DATA LISTING:
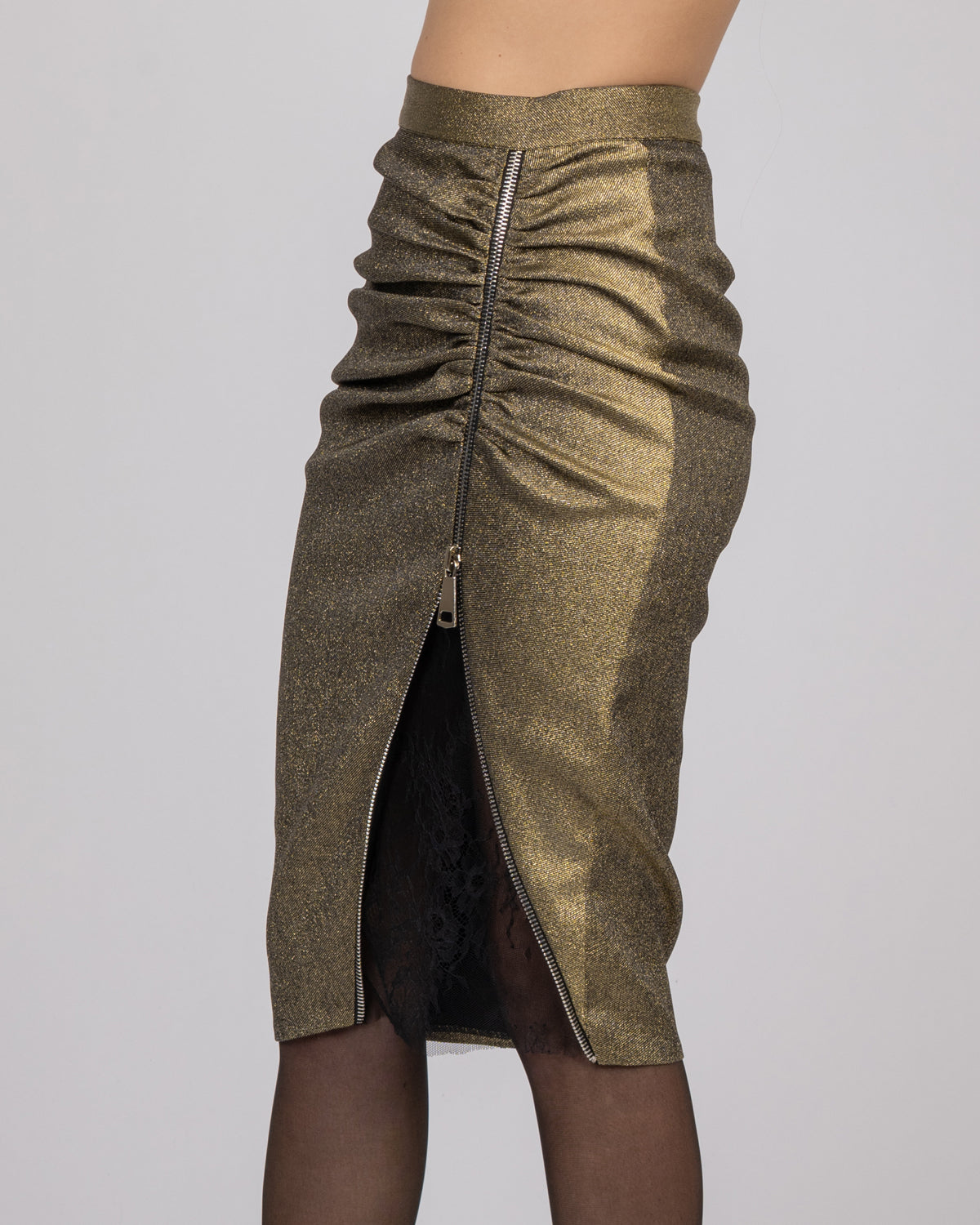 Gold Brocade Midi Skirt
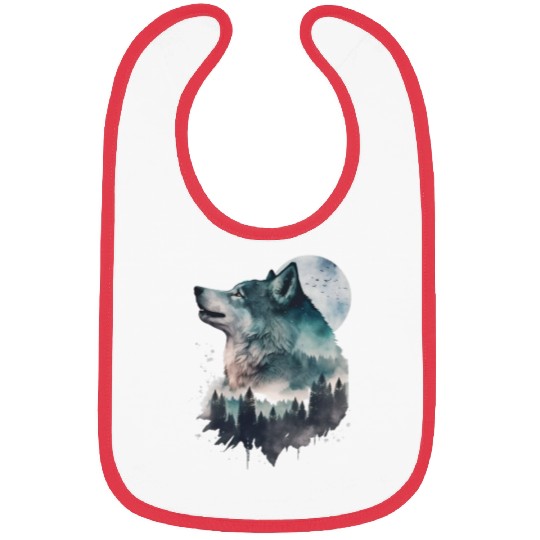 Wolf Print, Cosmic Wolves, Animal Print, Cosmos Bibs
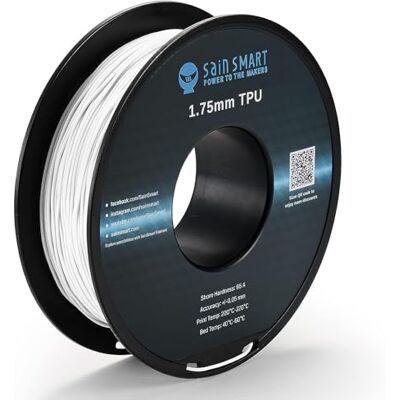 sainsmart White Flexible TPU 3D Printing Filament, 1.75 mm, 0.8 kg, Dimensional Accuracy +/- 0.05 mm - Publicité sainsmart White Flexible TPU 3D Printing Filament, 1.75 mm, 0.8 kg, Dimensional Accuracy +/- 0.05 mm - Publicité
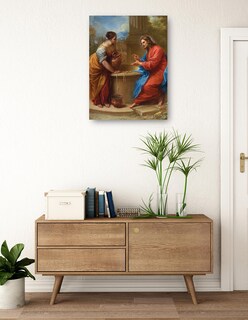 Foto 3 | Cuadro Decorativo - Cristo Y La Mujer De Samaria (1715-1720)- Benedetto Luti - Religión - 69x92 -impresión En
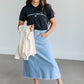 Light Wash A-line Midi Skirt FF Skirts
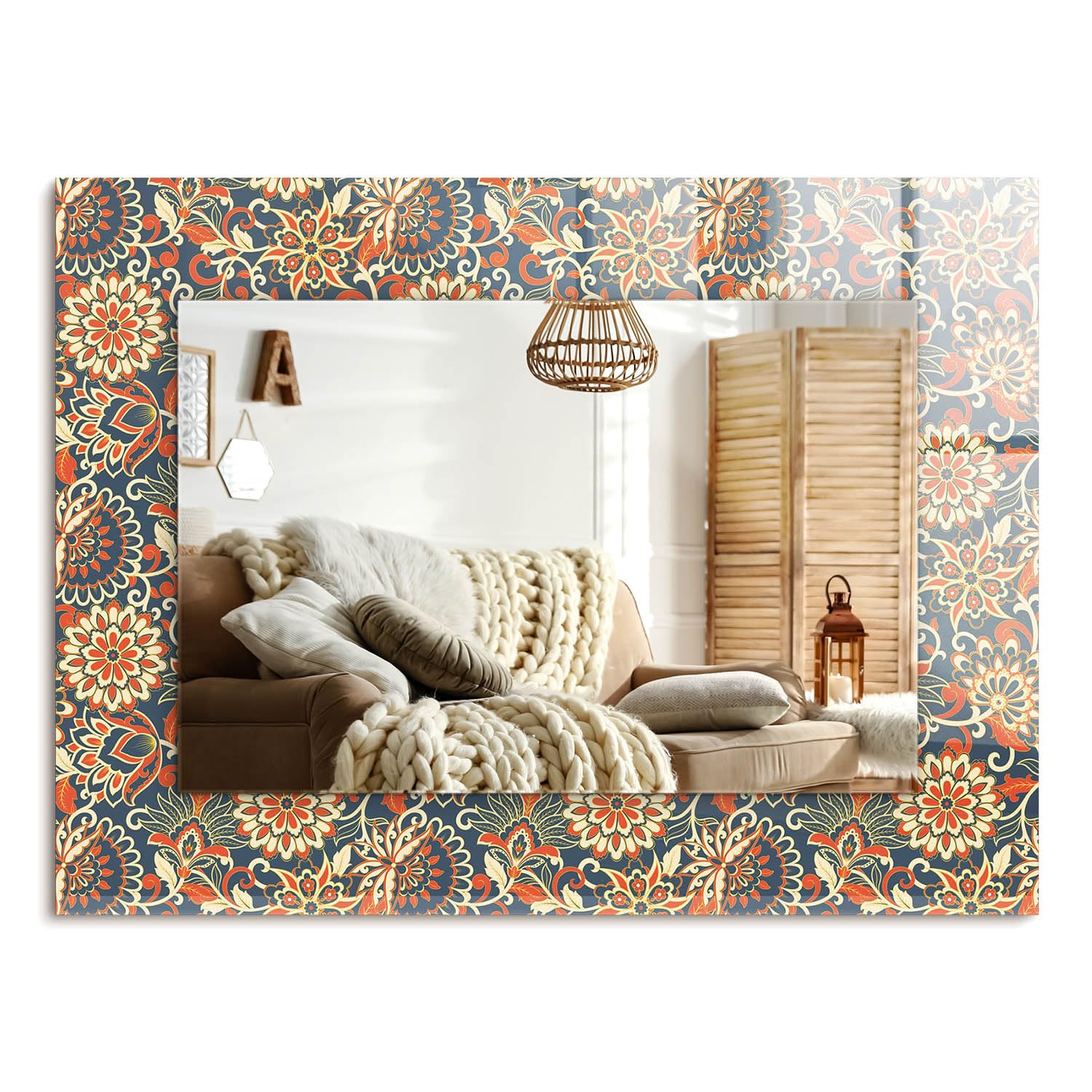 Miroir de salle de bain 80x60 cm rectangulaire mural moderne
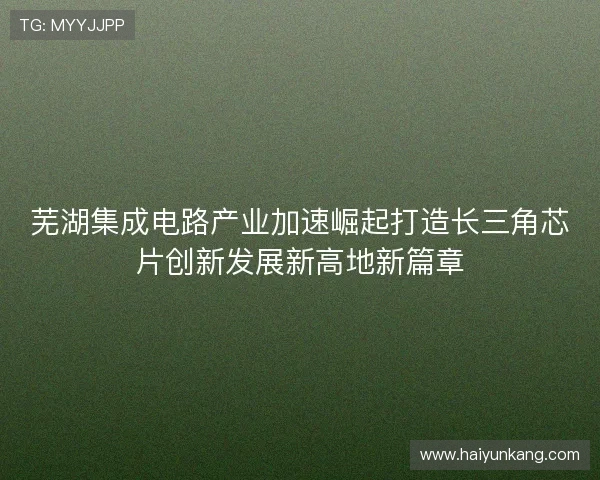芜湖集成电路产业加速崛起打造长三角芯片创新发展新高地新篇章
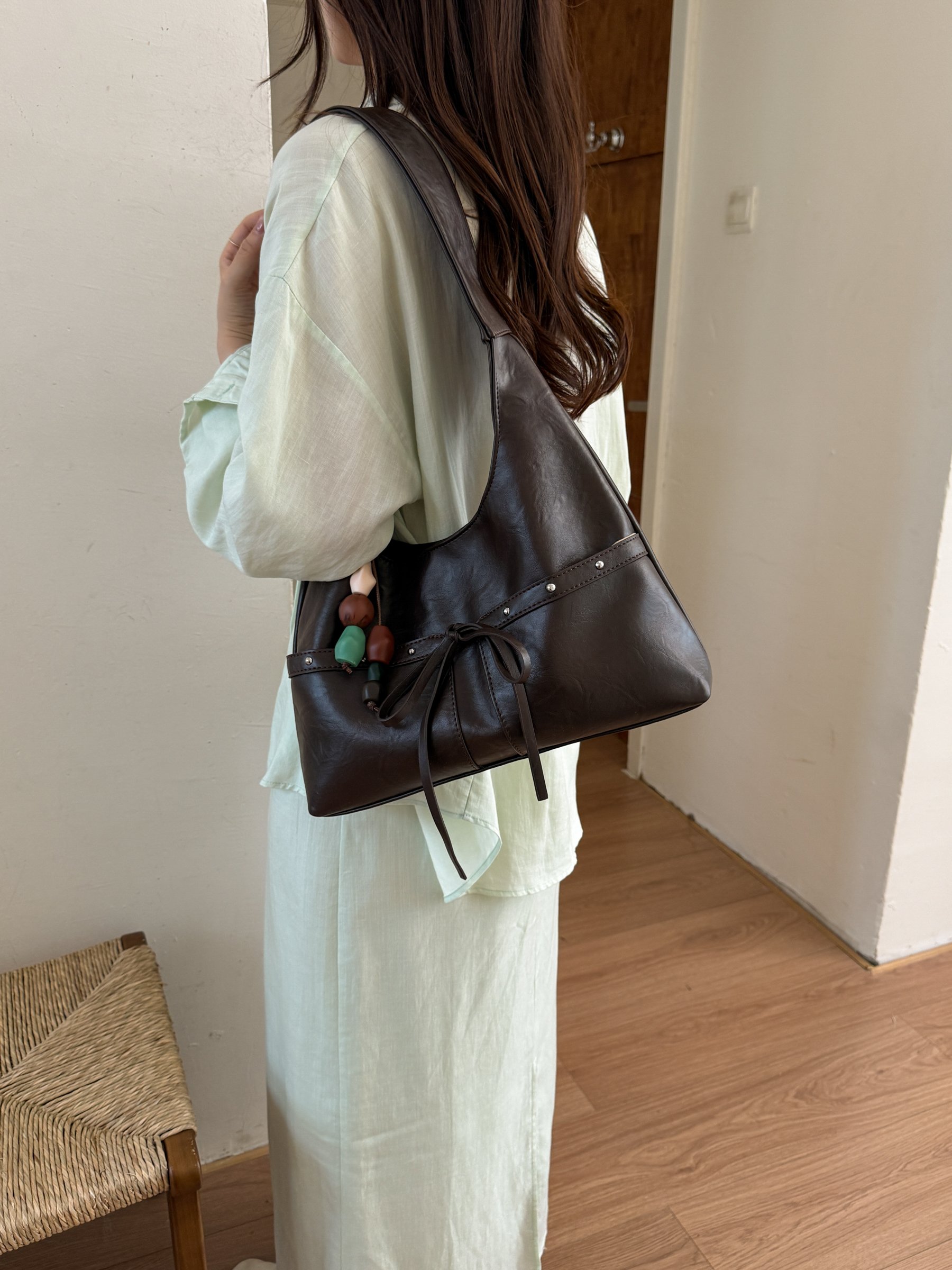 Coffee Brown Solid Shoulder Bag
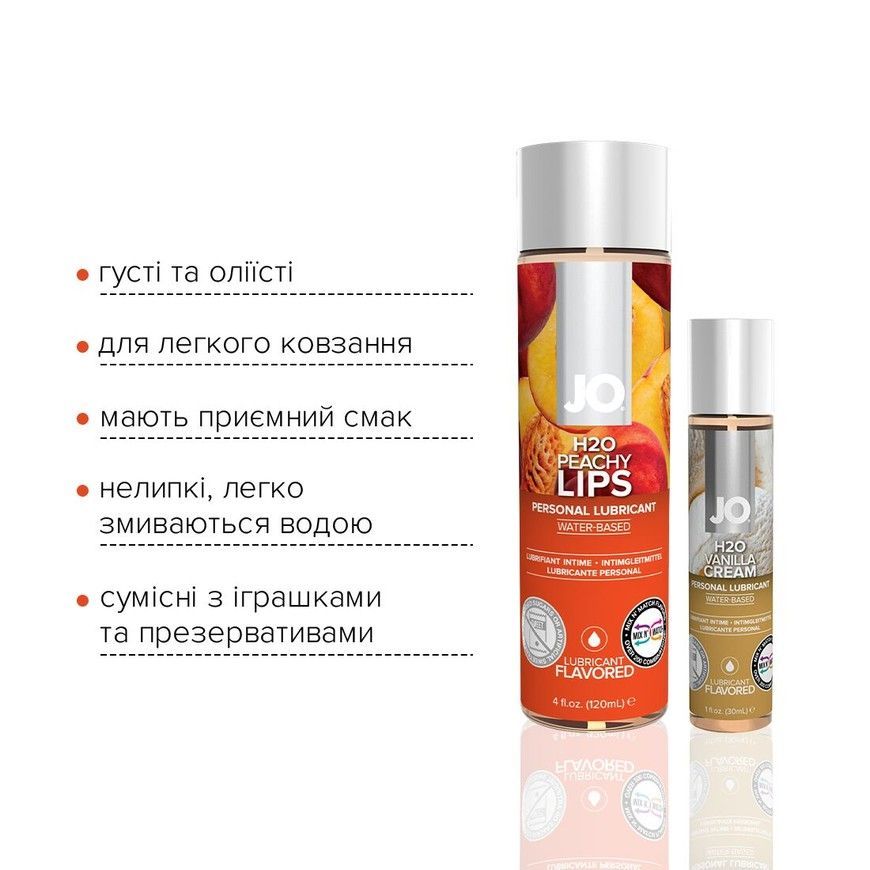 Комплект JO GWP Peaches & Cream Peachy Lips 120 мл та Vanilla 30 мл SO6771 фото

TRY IT:
Once the pictures are set aside, please output all the data word for word.

SOLUTION FOR THIS EXERCISE:
 Gold Brocade Midi Skirt
 Wolf Print, Cosmic Wolves, Animal Print, Cosmos Bibs
 sainsmart White Flexible TPU 3D Printing Filament, 1.75 mm, 0.8 kg, Dimensional Accuracy +/- 0.05 mm - Publicité sainsmart White Flexible TPU 3D Printing Filament, 1.75 mm, 0.8 kg, Dimensional Accuracy +/- 0.05 mm - Publicité
 Foto 3 | Cuadro Decorativo - Cristo Y La Mujer De Samaria (1715-1720)- Benedetto Luti - Religión - 69x92 -impresión En
 Light Wash A-line Midi Skirt FF Skirts
 Miroir de salle de bain 80x60 cm rectangulaire mural moderne
芜湖集成电路产业加速崛起打造长三角芯片创新发展新高地新篇章
 Coffee Brown Solid Shoulder Bag
 Комплект JO GWP Peaches & Cream Peachy Lips 120 мл та Vanilla 30 мл SO6771 фото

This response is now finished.